James Nallen

Personal information
- Born: 1973 (age 52–53) Castlebar, Ireland

Sport
- Sport: Gaelic football
- Position: Centre Back

Clubs
- Years: Club
- Crossmolina Deel Rovers Claregalway

Club titles
- Mayo titles: 6
- Connacht titles: 3
- All-Ireland Titles: 1

Inter-county
- Years: County / Apps (scores)
- 1995–2010: Mayo / 132

Inter-county titles
- Connacht titles: 6
- NFL: 1
- All Stars: 2

= James Nallen =

Mayo Gaelic footballer

James Nallen (born Oct 1973 in Castlebar) is an Irish former Gaelic footballer who played for the Mayo county team. He is the team's record appearance holder with 132.

He has worked as Chief Technical Officer at NUI Galway's School of Physics NUI Galway. His brother Tom and their uncle John also played for Mayo and Crossmolina.

==Playing career==
Nallen played in five All-Ireland Senior Football Championship (SFC) finals, including an All-Ireland SFC final replay against Meath in 1996, and won two All Stars, in 1996 and 2004. He won a National Football League medal in 2001. However, he never won an All-Ireland SFC medal. He retired from inter-county football in 2010.

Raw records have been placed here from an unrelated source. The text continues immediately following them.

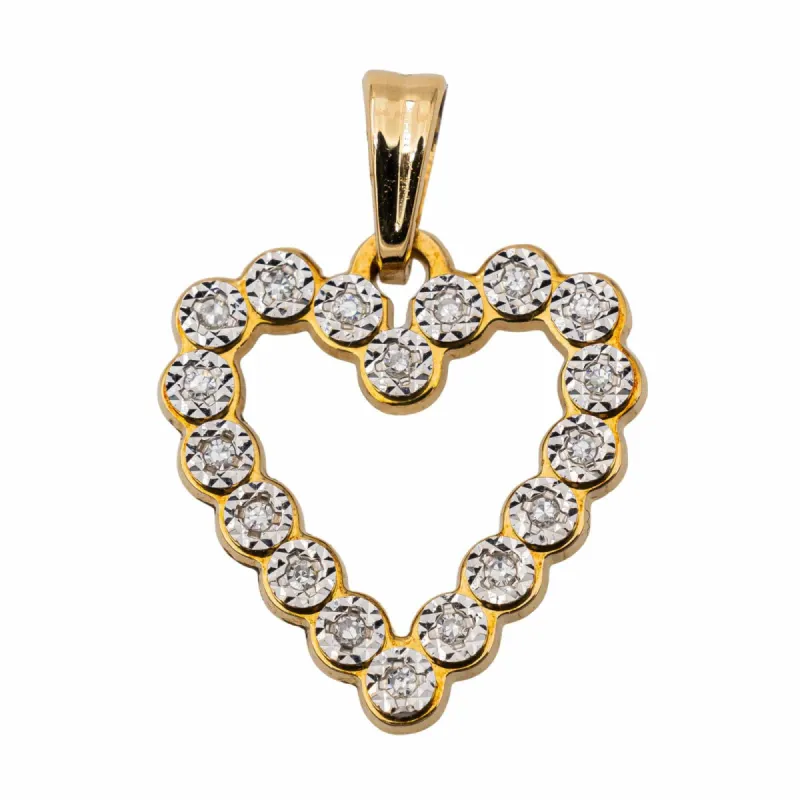 Pendentif Coeur Or jaune Diamant sold by 58 Facettes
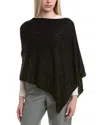 Sofiacashmere Reverse Jersey Sequin Wool & Cashmere-blend Poncho In Black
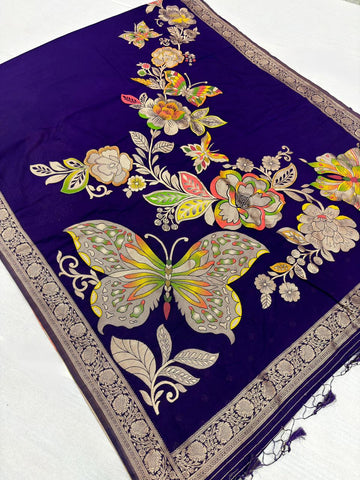 PREMIUM BUTTER FLY GEORGETTE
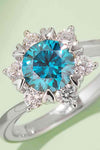 1 Carat Moissanite 925 Sterling Silver Cluster Ring Moissanite - Tophatter Daily Deals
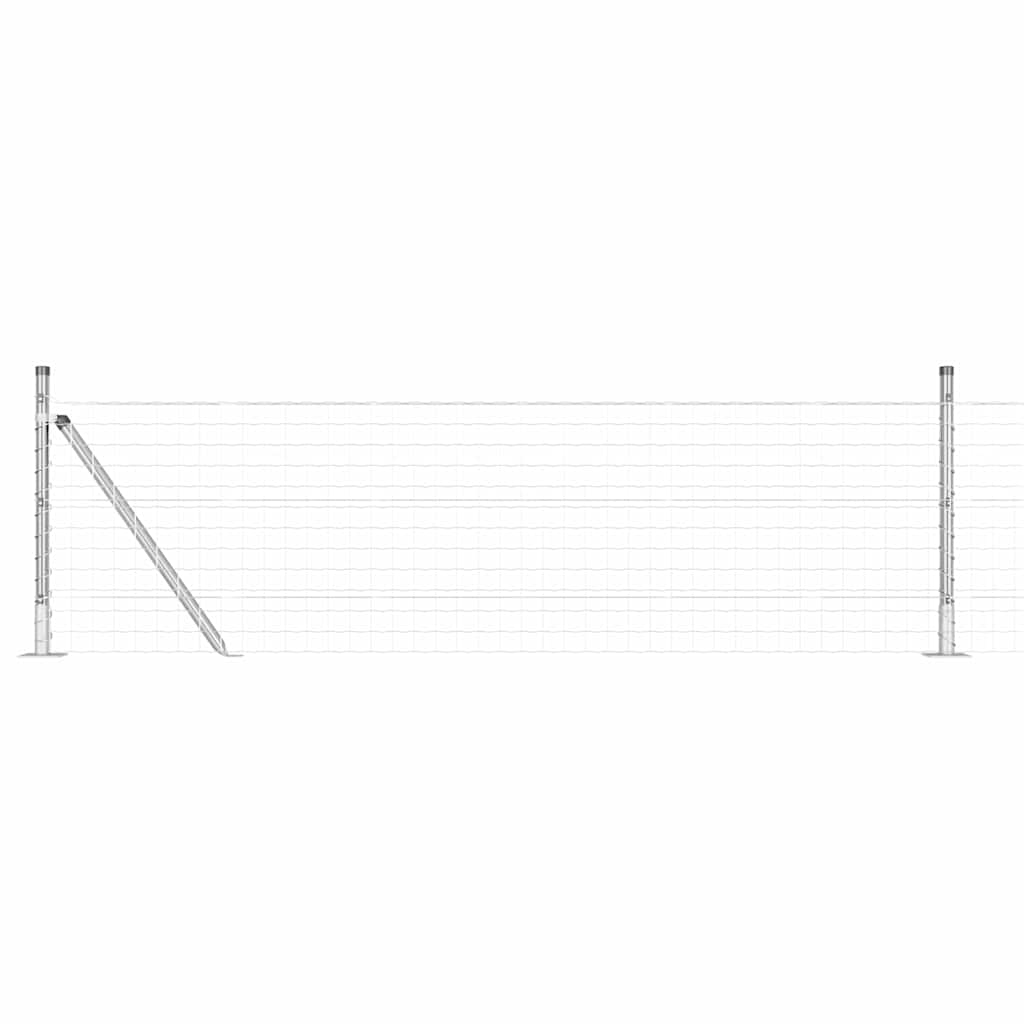 Geschweißter Drahtzaun mit Betonfundament 25 x 0,4 m (B x H)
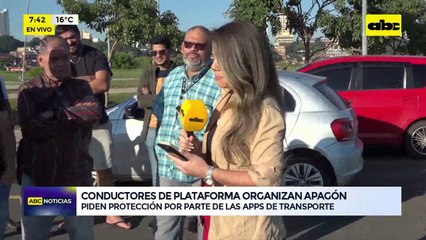 Video: Conductores de plataformas organizan “apagón”.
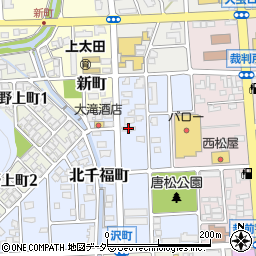 大沢コーポ周辺の地図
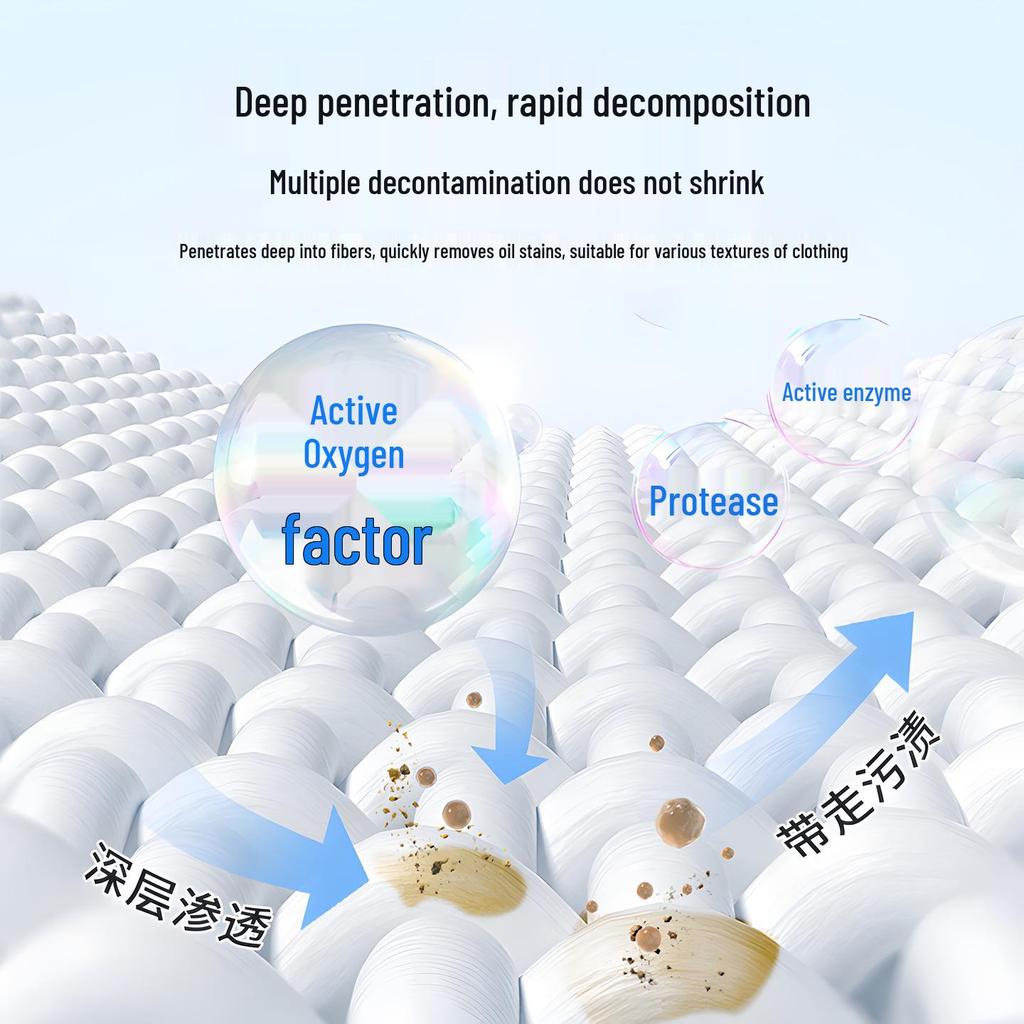 Schaumreiniger für Daunenjacken mit Bürstenkopf - Wasserfreier Flecken- und Ölentferner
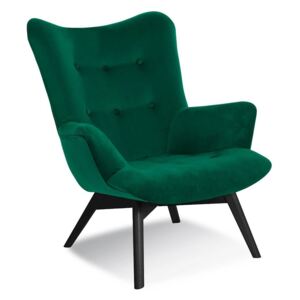 Fotel ANGEL zielony/ noga czarna/ KR19 - Zielony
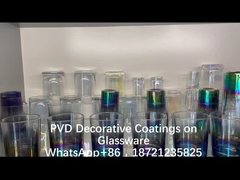 Mesin Lapisan Kaca Vakum Tinggi Sistem Lapisan Dekoratif PVD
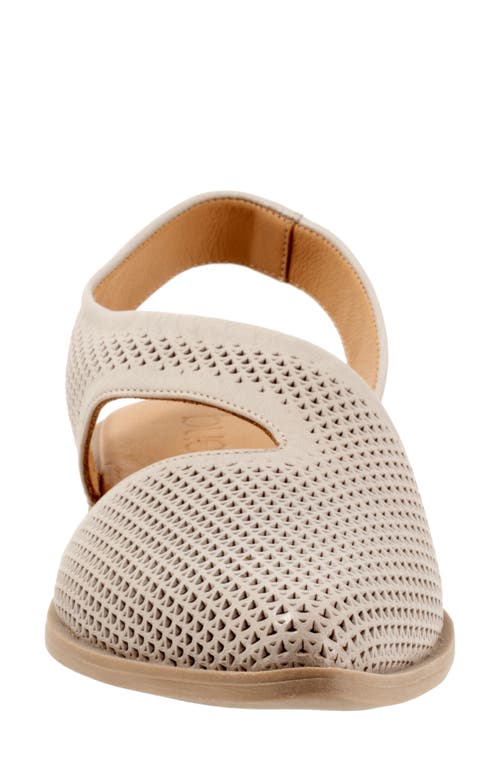 Bueno Bianca Perf Slingback Pointed Toe Flat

At club level Nallen won Mayo Senior Football Championship titles in 1995, 1999, 2000, 2002, 2005 and 2006, as well as Connacht Senior Club Football Championship titles in 1999, 2000, 2002, and an All-Ireland Senior Club Football Championship title in 2001.

Nallen has been a selector for Mayo. He spent three seasons working as part of James Horan's management team. He served as "runner" during games.